The QR code can encode (or the system can track, or both) any combination of origin, destination, expiration (or purchase time + validity period), ticket number, etc. Check with the local server that the ID exists with the given information and that the ticket isn't expired, then allow the user through, and the server marks that ticket number as used. If the origin doesn't match the current station, the ticket is expired, or the ticket is used, don't let the user in.


So you would have to buy a ticket every time you go somewhere. That would work for tourists, sure, assuming there are vending machines that can print those QR codes. But it would not work for locals (imagine everyone buying tickets during a rush hour), and even for some tourists, it would be a nuisance. If you're visiting a city and you know you're going to take the subway N times, you would just buy N tickets, but with this system no such thing is possible.

And what about all those transfer discounts some cities have? Like if you're taking the subway and a bus within some timeframe, you still only pay once.


>You can't do that with a QR code without either the reader or the user's device having a persistent internet connection to some sort of central server that would keep track of all tickets, which is impractical.

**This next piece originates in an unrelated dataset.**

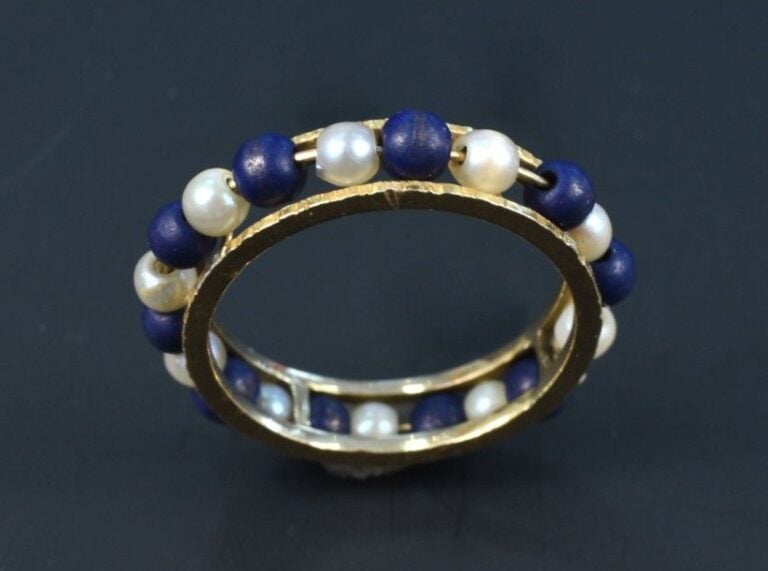 Anneau en or jaune 18k (750 °/00) rehaussé de perles de cultures et de perles de lapis-lazul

This is literally how all of the UK Mobile Train Tickets work. The ticket is a 2D barcode either on screen or on paper. Every gate / scanner operated by a guard records when the ticket has been scanned. They are synchronised and a ticket from being scanned twice. It's not that deep


But that's a train that goes outside of the city or between cities. You usually buy a ticket specifically for the route you're taking so no system-wide synchronization is necessary, only the origin station needs to know that you've used that ticket.


it would be interesting to create a wipe mechanism to erase the existing QR code (may be a belt/sander, or a laser like those rust cleaning lasers), and print a new one on (may be even use the same laser as the wipe!).


IC transit cards in Japan use heat-rewritable ink for something similar.

The ticket vending machines print your monthly transit passes right onto the face of your card at the beginning of the month, and erase it after it expires.

It's not a QR code though. Just human readable text for bus drivers. (Turnstiles in the subway still read the pass via NFC.)


If you really want a system that uses optical scanning and allows one ticket to be used multiple times, just make sure that there's enough room on the ticket for one QR code per trip. When validating, you'd print a new code in free space. You can also either print something over the old one to invalidate it, or just leave it and let the system itself figure out which of the codes is newest.


i'd assume the QR code would contain a record of the transactions, but yea, i hadn't thought about multiple trips that overlap.